A Toronto, Canada court has now done what several U.S. courts have already accomplished: Slapped down notorious plaintiffs’ attorney Steven Donziger’s efforts at a legal shakedown of Chevron Corporation.
“A Toronto court has rejected a bid by Ecuadorian villagers to enforce a judgment in their home country against Chevron Canada Ltd, ruling the subsidiary is not liable for parent Chevron Corp, the U.S. oil major said on Friday,” reports Reuters.
Donziger has been the force behind long-running litigation against Chevron on behalf of plaintiffs in Lago Agrio (LAP).
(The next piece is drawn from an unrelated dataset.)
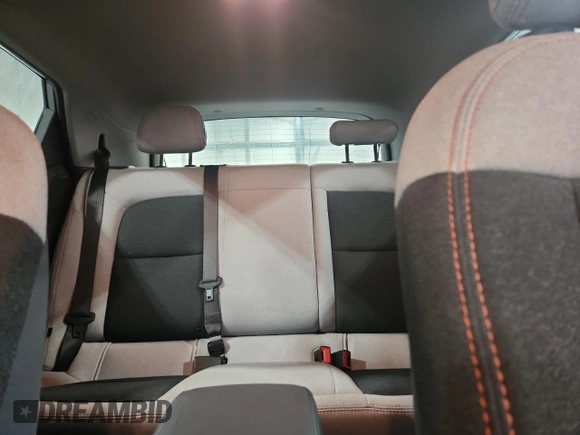 2019 Chevrolet Bolt EV LT z VIN 1G1FY6S05K4105401, wystawiony jako Copart lot #60514365 z przebiegiem 71 559 mil mil oraz Szkoda całkowita • Salvage title. Historia ofert i sprzedaży dostępna na DreamBid. Obrazek 10.
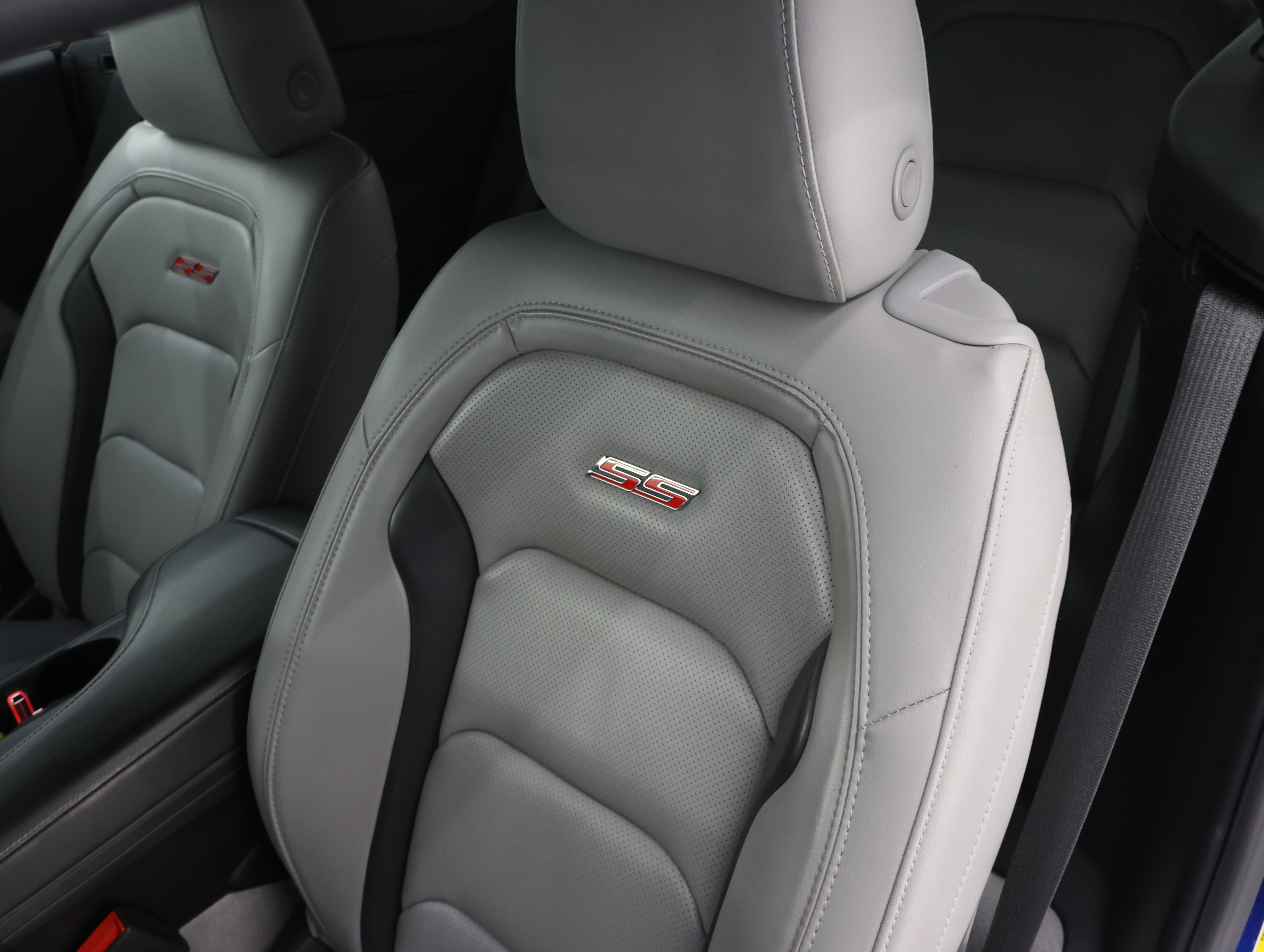 Used 2018 Chevrolet Camaro SS w/ LPO, Ground Effects Package RWD image 37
In 2014, the U.S. District Court for the Southern District of New York ruled that a $9.5 billion judgement Donziger had obtained against Chevron was the product of fraud and racketeering and, thus, unenforceable in the U.S.
The Second Circuit noted in its ruling that, “[t]he record in the present case reveals a parade of corrupt actions by the LAPs’ legal team, including coercion, fraud, and bribery.”
When Donziger appealed to the U.S. Court of Appeals for the Second Circuit last year, the court unanimously affirmed the lower court’s ruling. Then, last November, the U.S. Appeals Court of the Second Circuit denied Donziger’s petition seeking a rehearing of the court’s earlier decision.
And now, Canada’s courts have joined the U.S. in handing Donziger another defeat.
As Michael I. Krauss, law professor at Antonin Scalia Law School of George Mason University, notes in a Forbes column, the foundation of the Canadian court decision likes in the fact that Chevron Corporation does no business in Canada and had no assets to be attached there.
“In a sober and extremely well-reasoned opinion, (Judge Hainey of the Ontario Superior Court of Justice) ruled, in conformity with basic principles of liability respected around the civilized world, that the two corporations were distinct entities and that Chevron Canada Limited was not the defendant in the Ecuadorean case,” writes Krauss. “Nor was Chevron Canada Limited established to shield Chevron Corporation from its obligations in any way. Nor was Chevron Canada Limited a ‘puppet’ of Chevron Corporation.”
Added Krauss, “The court dismissed the case against Chevron Canada Limited for these reasons.”
With this Canadian court ruling, in addition to the U.S. courts ruling — and affirming — “fraud and racketeering” by Donziger, Krauss wonders if the brash plaintiffs’ attorney will finally be held accountable for what Krauss calls, “the fraudulent spoliation of American shareholders.”
“I’m still waiting for bar discipline to be meted out, and for federal criminal authorities to follow up on the RICO violations noted by the United States District Court,” writes Krauss.